Even if your area hasn’t been impacted, there’s a lot to be learned from these protests.
1. Social Media Is a Game Changer
Social media has enabled protestors to organize large groups with little or no advance notice. Such online organization is here to stay, so if your agency isn’t actively engaged with social media, you’re working at a distinct disadvantage. Forward-thinking departments are actively engaged and communicating through all means possible. Remember: Social media postings to organize protesters are made in the open, which means you can be involved and informed as events are coming together. To quickly get up to speed, I strongly recommend you check out the great tips offered by Lauri Stevens, a social media guru. You can find her articles at www.LawOfficer.com/authors/lauri-stevens.

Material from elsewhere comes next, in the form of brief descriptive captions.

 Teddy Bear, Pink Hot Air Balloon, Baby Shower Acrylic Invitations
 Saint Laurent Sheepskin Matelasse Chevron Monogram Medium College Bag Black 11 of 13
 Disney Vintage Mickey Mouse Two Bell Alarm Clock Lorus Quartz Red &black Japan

2. The Whole World Is Watching
A day before I wrote this, the news was alive with the story of a well-dressed journalist on her way to an evening function. While walking down a sidewalk in the middle of an Occupy protest, she was confronted by a police officer. Without debating what happened next (the accounts vary), the correspondent ended up on her way to jail instead of the planned engagement.

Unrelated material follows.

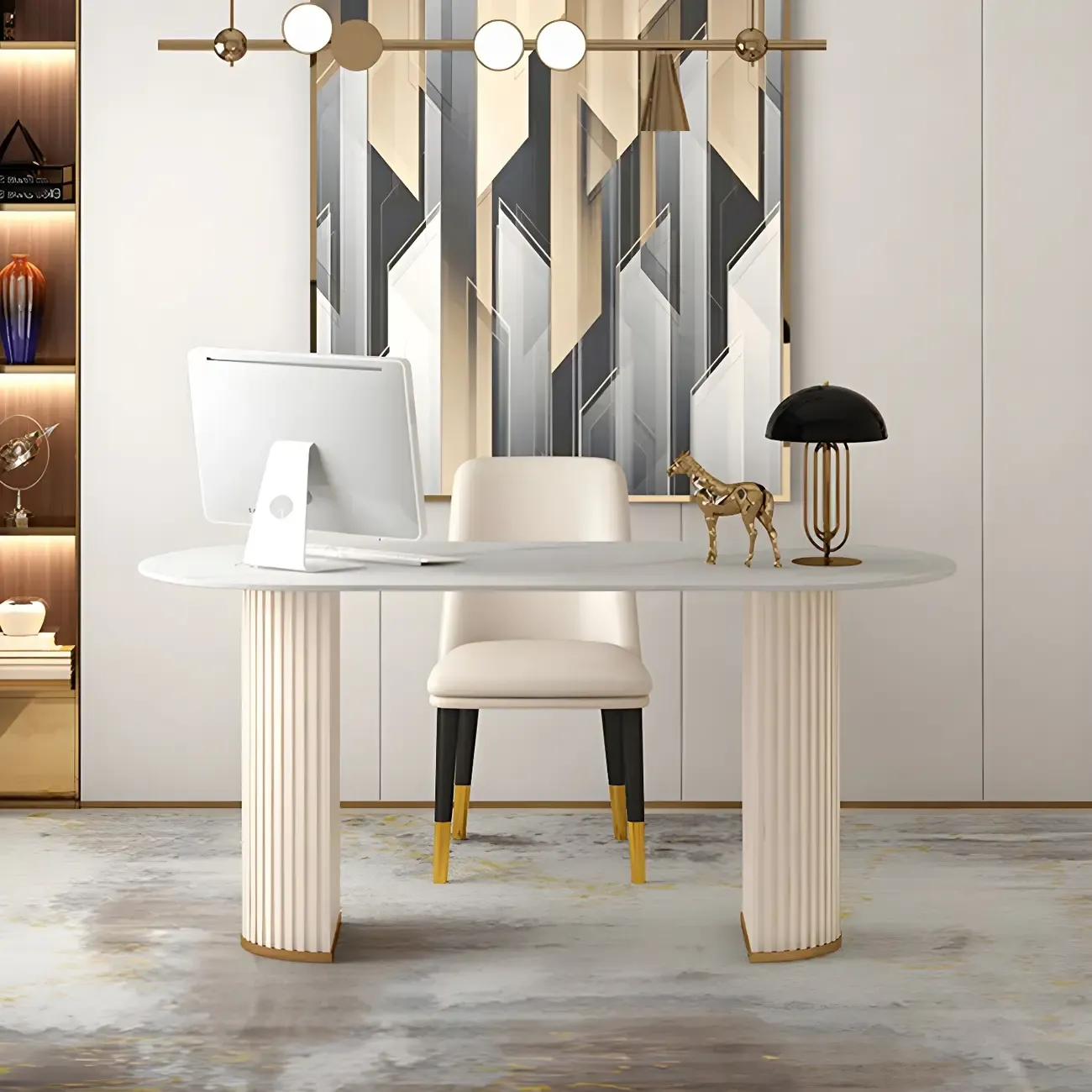 Glam Metal Mirrored Oval Executive Office Desk with Storage Image - 9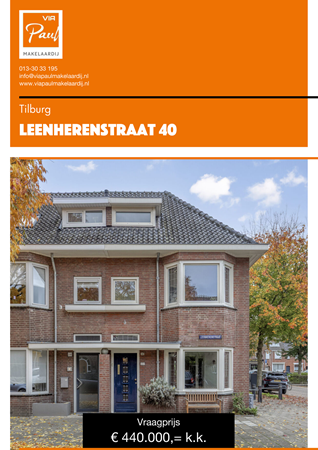 Brochure preview - brochure Leenherenstraat 40 Tilburg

I understand that a reporter going to jail probably warms some hearts among our audience, but there’s a price to pay when something like this happens. Keep in mind that everyone has a cell phone and therefore the ability to take photos and/or videos for worldwide distribution. Any officer who goes on the street thinking they can act with impunity is on a fool’s mission. Remember the way your thought process changed when you knew there was a video camera in your patrol unit? Well, that’s exactly the policing mindset you need everywhere today.
(Note: If you’re thinking that you’ll confiscate the camera or cell phone, you should probably get another plan. Some cops have found themselves on the wrong end of a lawsuit when they do this. For some legal insight, take a look at November's Legal Eagle.)

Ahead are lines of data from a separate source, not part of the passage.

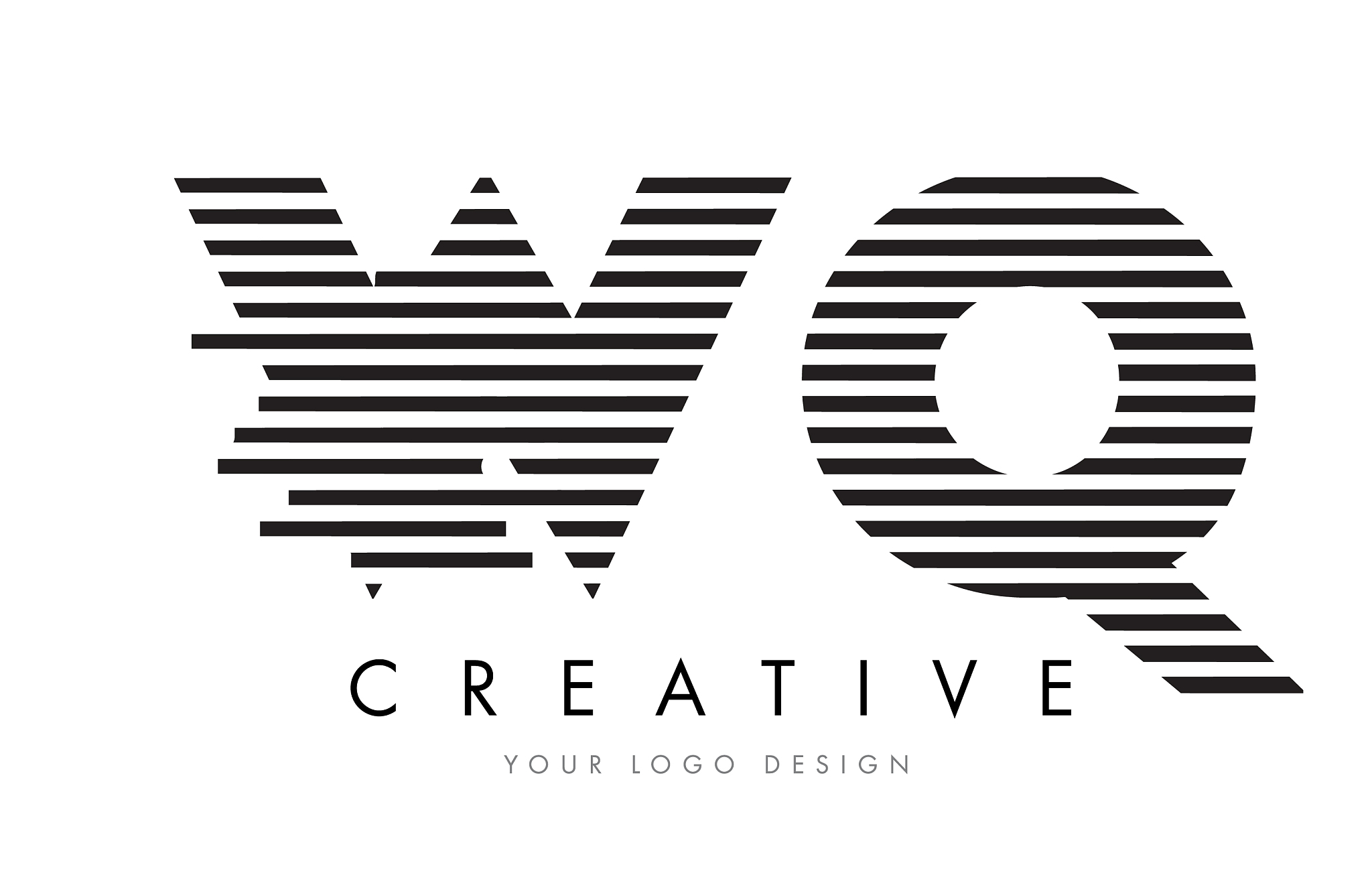 wq w q zebra letter logo design with black and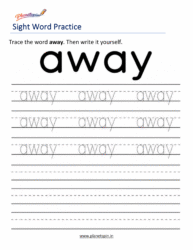 Free printable sight word away worksheets for kindergarten PDF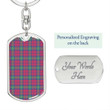 1sttheworld Jewelry - Lindsay Ancient Tartan Dog Tag with Swivel Keychain A7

3. Failing to Plan Is Planning to Fail
So what do you do if several hundred uninvited overnight guests show up in the center of your downtown with no intention of leaving? Demonstrations can be political flashpoints. Some city leaders have chosen to embrace these groups, while others have tried various forms of eviction. A few have started with a welcome sign and then tried to change it to “no vacancy.” Unfortunately, it’s the street cops who get caught in the middle. If you’re in charge, get a read on the political climate ahead of time and then plan accordingly.
4. It’s Time for Policing, Not Politics
Hopefully, every cop knows that you sometimes have to put aside your personal feelings. Regardless of how much you may empathize with or outright despise those who are demonstrating, your fundamental obligation is to uphold the Constitution and protect the basic rights of everyone, even those with whom you might disagree. If it means protecting the protestors, do so. If it means clearing a path for the public and making some arrests, then do it in a way that leaves no room for questioning your motivation.
5. Engage & Educate
Assign someone with good communication skills (and a lot of common sense) to interact with the protest leaders as early as possible. Believe it or not, many of them understand that law enforcement has a legitimate role and they (the protestors) want to know what the “rules of the game” are. No one is more experienced with protests than the U.S. Park Police, and they make it a practice of establishing clear lines of communications before an event even unfolds—something that happens several dozen times every year in D.C.
The takeaway: Develop intelligence. Get legal guidance. Check your equipment and practice crowd-control techniques. Finally, act as if you’re always going to show up on the nightly news—and there won’t be any surprises when you do.